The staff below has been vetted as authentic.
Photographs © Hamill Gallery
OKO PRESTIGE STAFF 7
Forged iron, heavy-gauge flattened iron, wood, iron tacks
53 1/2" high x 2 1/2" wide x 2 1/2" deep
"Oko staffs were historically brought home by pilgrims who had visited the shrine of Oko, a diety in the extended Yoruba pantheon connected with the farm. When not in use, these staffs were protected by a beaded sheath that prevented the staff from touching the ground. The thick iron components were forged out of repurposed hoe blades, another nod to the significance of farming (Westerdijk, African Metal Implements, 1984).

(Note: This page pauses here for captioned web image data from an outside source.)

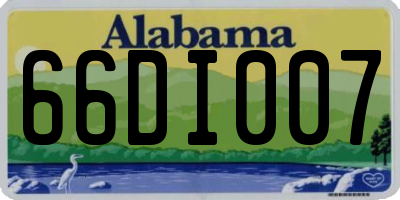 AL license plate 66DI007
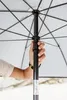 VirtuFit parasol plażowy z ekranem przeciwwiatrowym 160 cm Podgląd zdjęcia produktu 6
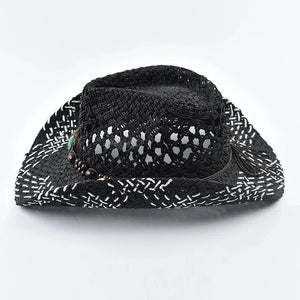 Flätad boho cowboyhatt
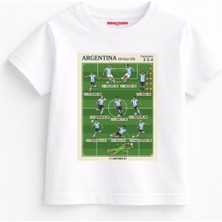 Rabona Fashion Arjantin All Star Kadro T-Shirt Yetişkin ve Çocuk Beden ( Seçenekli )
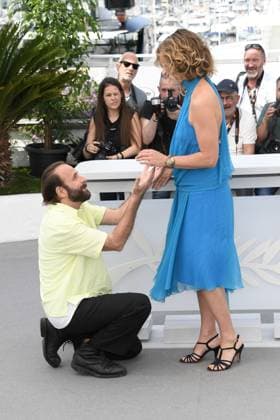 76th Cannes Film Festival 2023, Photocall film Bonnard Pierre and Marthe. Pictured: Cecile De France, Vincent Macaigne  Copyright: xAlbertoxTerenghi PoolxPhotoxEvenx xPoolxPhotoxEventsx01x IPA_IPA38122615
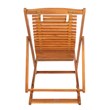 Safavieh Rendi Wood/Polyester Relax Chairs w/ Pillow in Natural/Beige (Set of 2)
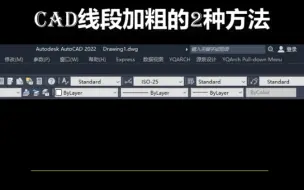 Download Video: CAD线段加粗的两种方法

Fischer and Zirngibl provide a colorful narrative of this sword's meaning: 'In the western and northern sections of the Yoruba country, forged steel swords are used that resemble the massive two-handed swords of the Middle Ages. The tulle-covered hilts clearly show them to be unsuitable as weapons. They cannot be used for slashing or thrusting. Nevertheless, they symbolize the power of the sword and are kept in cloth scabbards embroidered with pearls... The scabbards totally enclose the swords... so that the entire sword remains hidden from the uninitiated (Afrikanische Waffen, 1978).'
Like most Oko staffs, this piece wears a cross in the central rectangle that signifies a crossroads, another meaning-laden symbol for the Yoruba (Ginzberg, African Forms, 2000)."